This is a rental property
check with [name and telephone number of the real estate agent]
(Error in original)
19 Earlier, on 8 October 2021, the ACMA had issued a notice to provide documents and information under s 173(1) of the Broadcasting Services Act 1992 (Cth) to each of the Commonwealth Bank of Australia (Commonwealth Bank) and the Australian and New Zealand Banking Group Limited (ANZ) in respect of bank accounts held by Diverse Link. The ANZ responded with a mobile number (the first mobile number) and the Rawlinson Street address. The Commonwealth Bank responded with the email address anthonycurro@outlook.com (the email address), the first mobile number, a second mobile number and the address 20709/33 Manning Street, South Brisbane QLD 4104 (the Manning Street address).
20 A person again attended at the Rawlinson Street address on each of 10, 11 and 12 May 2022. The person was again not able to serve the Originating Documents on any of those days.
21 On 13 May 2022, a telephone call was made to the first mobile number, which was not connected.
22 On 16 May 2022, the Originating Documents were sent via email to the email address.
23 A telephone call was made to the second mobile number on each of 19 and 25 May 2022, which rang out to a generic voicemail each time. A message was left on each of those occasions.
24 On 10 June 2022, a person attended at the Manning Street address, with no response from the unit. A person attended at that property again on 13 June 2022, again with no response. The person found and called a mobile number for the building manager, who informed the person that the unit was occupied, but that the name on their system was different. The person left a calling card in the letterbox and called the second mobile number, which rang out to a silent voicemail. The person left a message.
25 On 13 June 2022, Mr Garey received a telephone call from an unknown mobile number (the third mobile number) from a person who identified himself as “Anthony Curro”. The telephone conversation as described in Mr Garey’s fifth affidavit was as follows:
42. On 13 June 2022, I received a phone call from an unknown mobile number (the third mobile number) from a person who identified himself as Anthony Curro. Mr Curro said words to the following effect:
The email is the first I have heard of the matter.
43. I said words to the following effect:
We served Diverse Link at its registered office, but the fact that you had not heard suggests that the details that ASIC has were not up-to-date. That does not matter though, I am glad you are now aware of the case.
44. Mr Curro said words to the following effect:
I don’t understand the bases of the ACMA’s case against me.

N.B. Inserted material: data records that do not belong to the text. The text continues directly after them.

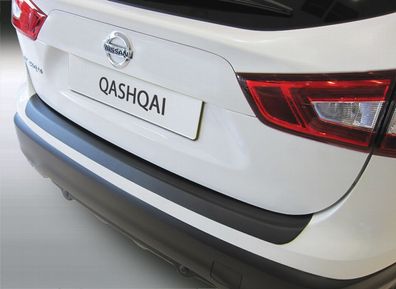 RGM Ladekantenschutz Stoßstangenschutz Nissan Qashqai (J11) 03/2014-07/2017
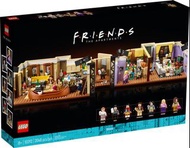 [Sold] LEGO - 10292 Creator Expert：The Friends Apartments 老友記公寓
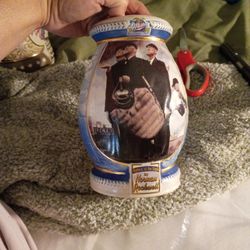 Norman Rockwell Mug 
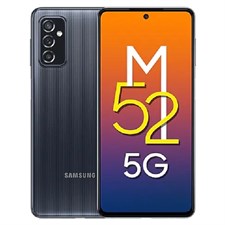 Samsung Galaxy M52 5G 6.7" Super AMOLED Display, 8GB RAM, 128GB ROM PTA Approved Mobile Phone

45. I said words to the following effect:
I would be happy to speak with you in detail about it but for now the basis for and nature of our case is set out in the Concise Statement and the relief we are seeking is set out in the Originating Application.

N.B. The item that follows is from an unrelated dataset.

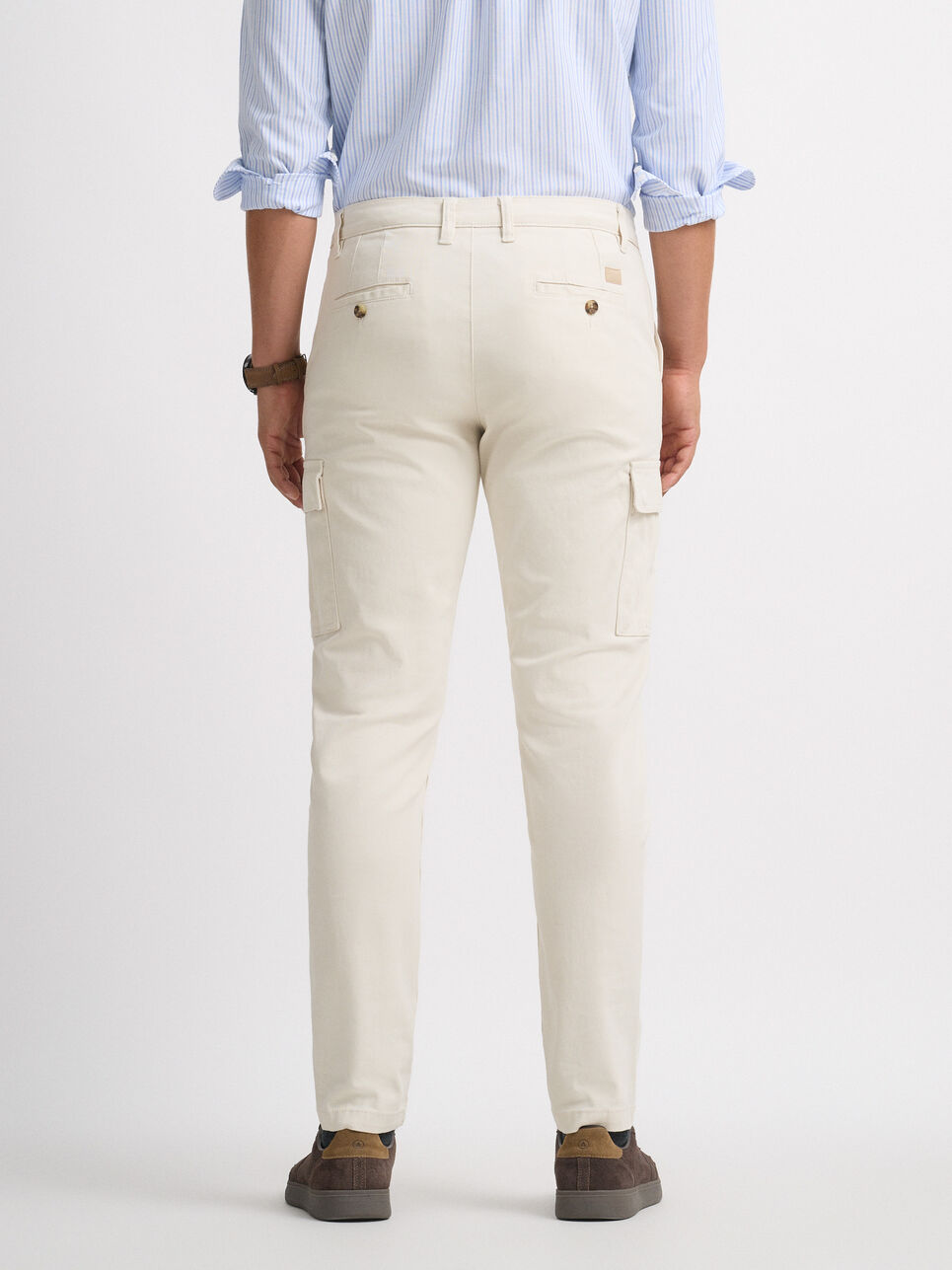 PANTALON CARGO ELVIS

46. Mr Curro said words to the following effect:
What is happening when the matter is before the court later this month?
47. I said words to the following effect:
We will apply to the court to have Brisbane Poker reinstated so we can proceed against it. The balance of the case management hearing would depend on what happens in the next couple of weeks but broadly we would be seeking a timetable to move the matter forward.

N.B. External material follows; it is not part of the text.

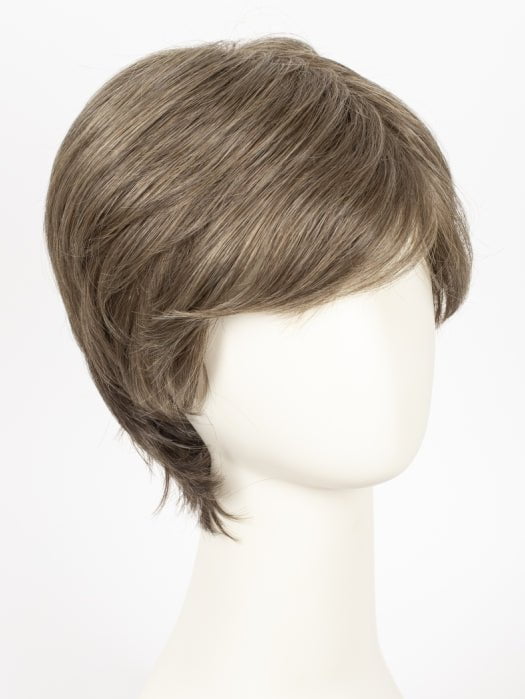 Edge | HF Synthetic Lace Front Wig (Mono Crown)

48. Mr Curro said words to the following effect:
I will call you this week to discuss further.
49. I said words to the following effect:
Do you have legal representation?
50. Mr Curro said words to the following effect:
I am not currently represented but I will look into that depending where we get with our discussion later this week.
(Emphasis in original)
26 On 24 June 2022 at 11.38 am, Mr Garey called Mr Curro on the third mobile number which went to voicemail. Mr Garey received a text message from the third mobile number at 11.38 am on 24 June 2022 which said: “Please text me.” He sent two text messages back as a response as follows:
Dear Anthony, it’s Matthew Garey from the Australian Government Solicitor calling about the Federal Court proceeding involving Diverse Link, following up on your call to me on Monday 13 June 2022. Could you please call me when you get a chance. Regards Matthew
and
My number is [Garey telephone number 1] or [Garey telephone number 2]. Regards Matthew
27 On 24 June 2022 at 11.51 am, Mr Garey received a telephone call from the third mobile from a person identifying himself as “Mr Curro”. The following exchange took place:
67. ... I said words to the following effect:
Will Diverse Link be appearing in court next week by you or by a lawyer or in another way?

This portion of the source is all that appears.